Alkol karşıtı hareket devletleştirme ve karneyle satışla teskin olmadı ve mücadelesini sürdürdü.  Hareketin baskısıyla Meclis1922 yılında alkolün yasaklanması talebiyle bir halkoylaması yapılması kararı aldı. Halkoylaması sonucunda % 51 alkolün serbest satışı yönünde oy kullandı. (Kadınların % 59’u yasaktan yana oy kullanmıştı.)

Alkole zam karaborsayı getirdi
1955 yılına gelindiğinde karne kaldırıldı ve İsveç, karne yerine halkın daha iyi aydınlatılması, alkol kurbanlarının daha iyi bakımının yapılması kararı aldı. Alkolde karnenin kaldırılması tekrar ülkede alkol tüketimini artırdı ve 1957’de alkol fiyatlarına ciddi zamlar yapıldı. Zamların yanında, Systembolaget tekel mağazalarının sayısının azlığı, açılış saatlerinin sınırlılığı ve insanların mağaza içine girememesi gibi nedenler caydırıcı rol oynamalıydı.  Ama bu önlemler ülkede alkol karaborsasının oluşmasına neden oldu ve illegal alkol üretimi arttı.

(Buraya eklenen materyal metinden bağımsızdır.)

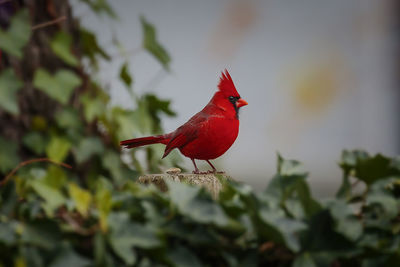 Close-up of bird perching on red leaf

İsveç’in 1995 yılında Avrupa Birliği’ne girmesiyle alkol tekelinde büyük değişiklikler oldu. Systembolaget kalsa da, alkol ihraç ve ithaliyle satışına dair başka şirketlerin kurulmasına izin çıktı. İsveçlilerin yurtdışı gezilerinden dönerken yanlarında alkollü içki getirmelerine de izin çıktı. İnternet üzerinden verilen siparişler ama yine Systembolaget üzerinden değerinin % 17si kadar vergi ödenerek yapıldı. 1995 ila 2005 yılları arsında İsveç’te alkol tüketimi hızla arttı. Ancak ilk 10 yıldaki eski heyecan zamanla yatıştı ve son dönemde İsveç alkol tüketiminin artmadığı görülüyor.

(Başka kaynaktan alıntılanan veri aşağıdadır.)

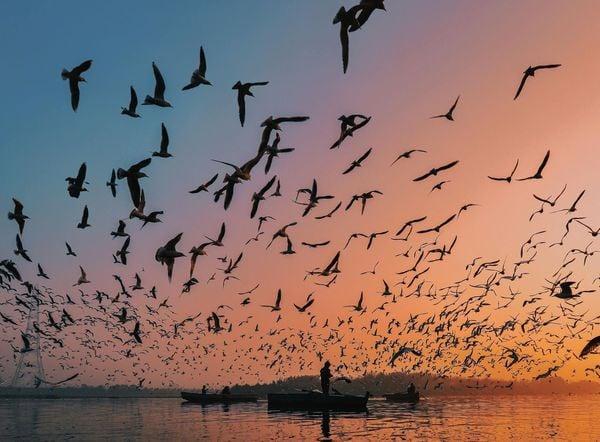 美国鸟类纷纷出现异常行为 生态警钟响起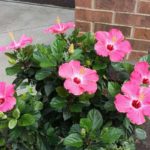 garden-mausoleum-planters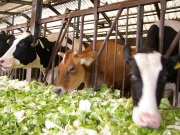 �摜(180x135)�E�g��摜(640x480)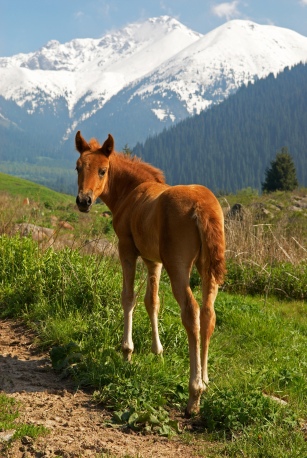 Free yong brown foal in mountains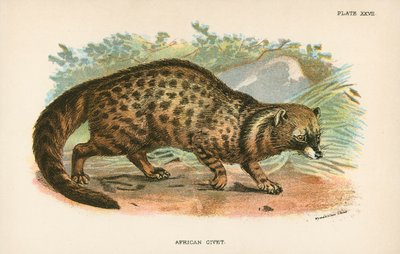 Civette africaine - English School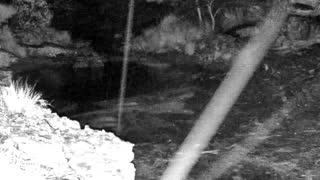 Still 3 from this detection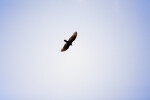 Hawk Pictured Against Clear, Blue Sky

Avrupa Adalet Divanı 5 Haziran 2007 tarihli kararında İsveç’in alkol politikasının Avrupa malların serbest dolaşımı anlaşmasına ters olduğuna karar verdi. İsveç’in mahkemeye sürdüğü “gençlik koruma ve halk sağlığı” gerekçelerini hâkimler reddetti. Böylelikle İsveç’in alkol tekelinin de sonuna gelinmiş oldu. Şimdi İsveç iki yol düşünüyor: Birincisi, Systembolaget mağazalarını özelleştirilmek ya da bunların sayısı çoğaltıp, benzer yeni mağazaların açılmasını sağlamak. Ayrıca, mağazaların hafta da 10 saat daha fazla açık kalması planlanıyor. İkinci yol ise, tıpkı Almanya, Avusturya ve İsveç’te olduğu gibi marketlerde alkol satılmasına izin verilmesi. Her iki durumda da satıcıların eğitimli olması ve alıcıların da en az 20 yaşında olması öngörülüyor.

Demek ki neymiş, İsveç’te alkol yasak değilmiş.  Demek ki neymiş, Avrupa’da da öyle olmuyormuş!